*** Opening of Extracted data ***

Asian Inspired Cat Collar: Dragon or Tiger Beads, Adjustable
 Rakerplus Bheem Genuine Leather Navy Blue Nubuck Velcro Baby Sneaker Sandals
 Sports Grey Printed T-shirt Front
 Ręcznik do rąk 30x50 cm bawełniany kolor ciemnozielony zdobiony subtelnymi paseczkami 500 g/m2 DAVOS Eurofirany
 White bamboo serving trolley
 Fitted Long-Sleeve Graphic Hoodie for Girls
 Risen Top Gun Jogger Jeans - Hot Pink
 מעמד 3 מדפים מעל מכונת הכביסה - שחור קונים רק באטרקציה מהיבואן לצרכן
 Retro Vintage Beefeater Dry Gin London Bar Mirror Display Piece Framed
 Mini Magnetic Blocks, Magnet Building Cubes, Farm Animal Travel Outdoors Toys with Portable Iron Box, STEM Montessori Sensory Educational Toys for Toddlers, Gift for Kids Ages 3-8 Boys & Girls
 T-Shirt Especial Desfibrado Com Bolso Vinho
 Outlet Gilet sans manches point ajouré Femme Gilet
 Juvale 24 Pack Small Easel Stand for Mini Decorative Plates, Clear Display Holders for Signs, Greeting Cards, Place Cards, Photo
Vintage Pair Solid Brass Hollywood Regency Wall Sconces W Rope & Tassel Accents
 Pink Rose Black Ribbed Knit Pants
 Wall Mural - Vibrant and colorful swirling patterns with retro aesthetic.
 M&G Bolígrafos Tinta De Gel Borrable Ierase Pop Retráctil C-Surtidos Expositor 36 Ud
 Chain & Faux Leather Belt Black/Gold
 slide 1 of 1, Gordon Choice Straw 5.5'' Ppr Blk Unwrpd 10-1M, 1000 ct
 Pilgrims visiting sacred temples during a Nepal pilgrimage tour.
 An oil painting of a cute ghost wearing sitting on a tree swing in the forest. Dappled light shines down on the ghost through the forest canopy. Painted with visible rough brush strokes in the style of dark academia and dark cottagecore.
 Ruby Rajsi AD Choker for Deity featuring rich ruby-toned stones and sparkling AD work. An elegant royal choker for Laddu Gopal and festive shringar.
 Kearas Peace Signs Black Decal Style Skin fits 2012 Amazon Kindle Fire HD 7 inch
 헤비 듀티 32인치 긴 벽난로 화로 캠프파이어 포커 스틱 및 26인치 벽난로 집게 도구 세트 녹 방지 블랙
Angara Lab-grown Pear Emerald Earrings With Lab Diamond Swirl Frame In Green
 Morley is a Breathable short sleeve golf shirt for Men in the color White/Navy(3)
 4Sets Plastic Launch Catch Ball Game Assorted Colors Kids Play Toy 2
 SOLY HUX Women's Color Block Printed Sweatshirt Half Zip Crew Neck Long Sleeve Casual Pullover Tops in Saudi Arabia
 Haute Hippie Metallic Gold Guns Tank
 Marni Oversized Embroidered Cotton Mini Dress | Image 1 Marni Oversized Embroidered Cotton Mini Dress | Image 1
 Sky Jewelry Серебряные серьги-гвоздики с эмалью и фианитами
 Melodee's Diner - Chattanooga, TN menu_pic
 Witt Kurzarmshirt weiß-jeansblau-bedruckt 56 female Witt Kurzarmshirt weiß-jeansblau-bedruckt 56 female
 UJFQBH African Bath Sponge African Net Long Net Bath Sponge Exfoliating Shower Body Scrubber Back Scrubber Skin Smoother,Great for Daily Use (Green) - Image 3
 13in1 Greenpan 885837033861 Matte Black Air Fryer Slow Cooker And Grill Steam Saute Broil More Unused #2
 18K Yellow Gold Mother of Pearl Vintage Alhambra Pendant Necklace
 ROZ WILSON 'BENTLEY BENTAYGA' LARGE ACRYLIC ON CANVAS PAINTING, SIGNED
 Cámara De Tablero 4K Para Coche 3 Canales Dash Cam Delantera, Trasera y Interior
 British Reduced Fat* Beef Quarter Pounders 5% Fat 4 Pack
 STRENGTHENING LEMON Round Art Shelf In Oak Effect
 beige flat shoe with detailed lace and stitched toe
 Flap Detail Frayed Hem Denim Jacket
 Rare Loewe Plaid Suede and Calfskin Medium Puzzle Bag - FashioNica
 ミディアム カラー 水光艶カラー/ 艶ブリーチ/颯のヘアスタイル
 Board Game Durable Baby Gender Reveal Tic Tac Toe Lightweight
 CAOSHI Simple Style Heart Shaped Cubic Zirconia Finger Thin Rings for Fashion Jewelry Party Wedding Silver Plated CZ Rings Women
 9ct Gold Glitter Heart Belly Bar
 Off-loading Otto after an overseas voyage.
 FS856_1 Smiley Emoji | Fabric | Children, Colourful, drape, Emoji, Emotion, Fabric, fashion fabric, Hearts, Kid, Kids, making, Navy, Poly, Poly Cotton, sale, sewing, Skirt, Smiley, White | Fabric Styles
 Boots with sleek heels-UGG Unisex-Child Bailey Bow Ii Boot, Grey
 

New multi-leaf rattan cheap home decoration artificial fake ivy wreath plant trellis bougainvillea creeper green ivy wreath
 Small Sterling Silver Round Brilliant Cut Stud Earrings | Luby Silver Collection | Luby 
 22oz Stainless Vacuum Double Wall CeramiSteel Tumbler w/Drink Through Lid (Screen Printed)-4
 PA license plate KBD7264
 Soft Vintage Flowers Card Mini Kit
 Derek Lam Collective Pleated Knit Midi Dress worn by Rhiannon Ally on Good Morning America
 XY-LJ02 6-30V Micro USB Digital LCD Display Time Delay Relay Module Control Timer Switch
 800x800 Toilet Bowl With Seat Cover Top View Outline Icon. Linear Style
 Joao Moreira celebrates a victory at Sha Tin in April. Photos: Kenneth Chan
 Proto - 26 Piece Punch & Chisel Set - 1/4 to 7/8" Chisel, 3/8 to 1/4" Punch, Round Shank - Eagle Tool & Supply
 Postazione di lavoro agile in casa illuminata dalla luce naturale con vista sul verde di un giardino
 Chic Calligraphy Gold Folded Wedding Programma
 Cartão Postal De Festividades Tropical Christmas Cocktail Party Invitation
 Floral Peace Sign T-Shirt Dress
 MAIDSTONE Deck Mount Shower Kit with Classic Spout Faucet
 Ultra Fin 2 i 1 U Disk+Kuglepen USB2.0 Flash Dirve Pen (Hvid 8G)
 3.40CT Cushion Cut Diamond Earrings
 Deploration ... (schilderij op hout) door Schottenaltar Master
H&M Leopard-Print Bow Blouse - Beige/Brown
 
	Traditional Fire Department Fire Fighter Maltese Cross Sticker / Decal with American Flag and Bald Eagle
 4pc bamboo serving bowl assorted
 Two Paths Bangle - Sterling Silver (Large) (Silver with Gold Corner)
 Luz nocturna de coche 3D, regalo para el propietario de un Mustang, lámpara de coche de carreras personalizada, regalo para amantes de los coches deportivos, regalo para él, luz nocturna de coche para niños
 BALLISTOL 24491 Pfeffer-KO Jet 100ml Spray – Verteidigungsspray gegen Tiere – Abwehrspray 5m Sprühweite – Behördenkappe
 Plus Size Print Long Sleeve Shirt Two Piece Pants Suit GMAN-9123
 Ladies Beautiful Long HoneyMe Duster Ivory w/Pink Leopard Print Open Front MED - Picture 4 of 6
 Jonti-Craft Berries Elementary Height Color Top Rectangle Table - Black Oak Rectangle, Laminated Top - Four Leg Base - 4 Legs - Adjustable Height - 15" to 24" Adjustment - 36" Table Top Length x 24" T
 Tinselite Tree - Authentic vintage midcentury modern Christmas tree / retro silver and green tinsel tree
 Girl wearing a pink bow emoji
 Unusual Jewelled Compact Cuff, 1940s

*** Close of Extracted data ***

> _Your goal_: Your output should be an exact copy of the lines from the top of the listing above to the line with "Ręcznik do rąk", both ends included.

> _Task output_:
Asian Inspired Cat Collar: Dragon or Tiger Beads, Adjustable
 Rakerplus Bheem Genuine Leather Navy Blue Nubuck Velcro Baby Sneaker Sandals
 Sports Grey Printed T-shirt Front
 Ręcznik do rąk 30x50 cm bawełniany kolor ciemnozielony zdobiony subtelnymi paseczkami 500 g/m2 DAVOS Eurofirany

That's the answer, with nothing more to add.